India’s factory output declined again in December by minus 1.3% but was somewhat better than the minus 3.42% dip registered in the month before, official data showed. There was a growth of 3.6% in December 2014.
As per data on index of industrial production released by the Central Statistics Office, the cumulative growth of the country’s factory output logged a 3.1% rise in the first nine months of the current fiscal year, PTI reported.
Cumulative growth during the corresponding period of last fiscal stood at 2.6%.
December IIP was dragged lower by a minus 2.4% drop in manufacturing activity. Between the other broader indices, electricity production rose by 3.2%, while that for mining was up by 2.9%.
The cumulative growth of the electricity and mining indices for the first nine months of the current fiscal was 4.5% and 2.3%, respectively. Manufacturing’s cumulative growth stood at 3.1%.

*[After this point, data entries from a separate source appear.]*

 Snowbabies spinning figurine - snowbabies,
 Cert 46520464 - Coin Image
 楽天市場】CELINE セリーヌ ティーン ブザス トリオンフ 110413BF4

In addition, the data revealed that among the six use-based classifications of the index, the output of consumer durables segment expanded by 16.5% in December. The consumer goods segment accelerated by 2.8%.
However, capital goods segment, which is a key indicator of economic activity plunged by minus 19.7%. The output of consumer non-durables was lower by minus 3.2%.
The basic and intermediate goods’ output inched-up by 0.5% and 0.9%, respectively.
Overall, only 10 out of the 22 industry groups in the manufacturing sector have shown negative growth during the month under review.
Segment-wise, growth was witnessed in woolen carpets (184.1%), telephone instruments including mobile phone and accessories (141.1%), ammonium phosphate (46.8%), wood furniture (36.9%), commercial vehicles (28.7%) and gems and jewelry (27.1%).
Moreover, high negative growth was reported in the cable, rubber insulated (- 85.2%), heat exchanger (- 68.8%), cement machinery (- 60.2%), grinding wheels (- 37.4%), boilers (- 22.7%) and sponge iron (- 22.5%).